Sleep is a fickle lover. You need it. You want it. You really can’t live without it. But for many, sleep can be evasive, carried off into the wee hours of the morning by a herd of imaginary sheep that won’t do their dumb job. According to a study from the Center for Disease Control, an estimated 50 to 70 million people in America have a sleep or wakefulness disorder. In other words: Find me a person who doesn’twant a better night’s sleep and I’ll eat my earplugs.
It’s no wonder, then, that the quest for good sleep is rapidly becoming an industry in and of itself. Last year, media mogul Arianna Huffington wrote a book titled The Sleep Revolution, addressing our “cultural dismissal of sleep as time wasted,” and has since launched a media company dedicated to fighting burnout.
And with Casper leading the pack, the mattress industry has been disrupted as heck. Same for the bedding industry with the likes of Parachute and Brooklinen, and the “smart” sleep tech industry has blown up in tandem: There’s a sleep mask you can buy that slowly dims the light as you’re falling asleep and gently brightens when it’s time to wake up. These spacey-looking goggles emit a green-blue light that stops the production of melatonin and will allegedly help you fall asleep, and here are any number of fancy gadgets that report your sleep patterns to your smart phone are out there.

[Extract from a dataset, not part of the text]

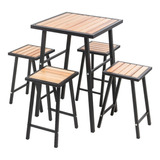 Conjunto De Mesa E 4 Bancos Quadrado Preto P/ Sacada Pequena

Most recently, mattress giant Serta Simmons launched a new subsidiary called Tomorrow, which pushes “connected sleep systems.” While products are purchased a la carte, with mattresses ranging from $550 to $1,250, the brand is rooted in the idea of creating a “perfect environment.” Said environment is comprised of a temperature-regulating mattress, pillows, sheets, a comforter, blackout drapes and a tracker that monitors the sleep patterns of up to two people. The products make much about the “sleep science” behind their design, and the full system starts at $1,300–notable in that the relatively accessible pricing (and the fact that the site smacks of that “industry disruptor” aesthetic) speaks to Serta’s intention of playing on the same level as the new kids in the $14 billion mattress industry.
Like every other industry that’s been given the shakedown by savvy founders crying “price gouging,” this disruption of the mattress and bedding industry has been great for providing greater access to quality products. But is all this focus on creating pristine, cloud-like sleeping wombs where nothing can disturb us really going to do us any good in the end?
The CDC report indicates that the leading cause of sleep-related difficulties among adults 20 and older is “concentrating on things.” Which sounds almost comically simple on the surface. But we’ve all been there:
To be sure, setting yourself up comfortably at night is a good thing, and sleep is absolutely essential to our well-being. But should you find yourself struggling to fall under, before you drop some serious money on products that promise sleep so deep it’s almost death, consider that there may be underlying mental-health or even nutritional problems, and consulting with a professional may be in order.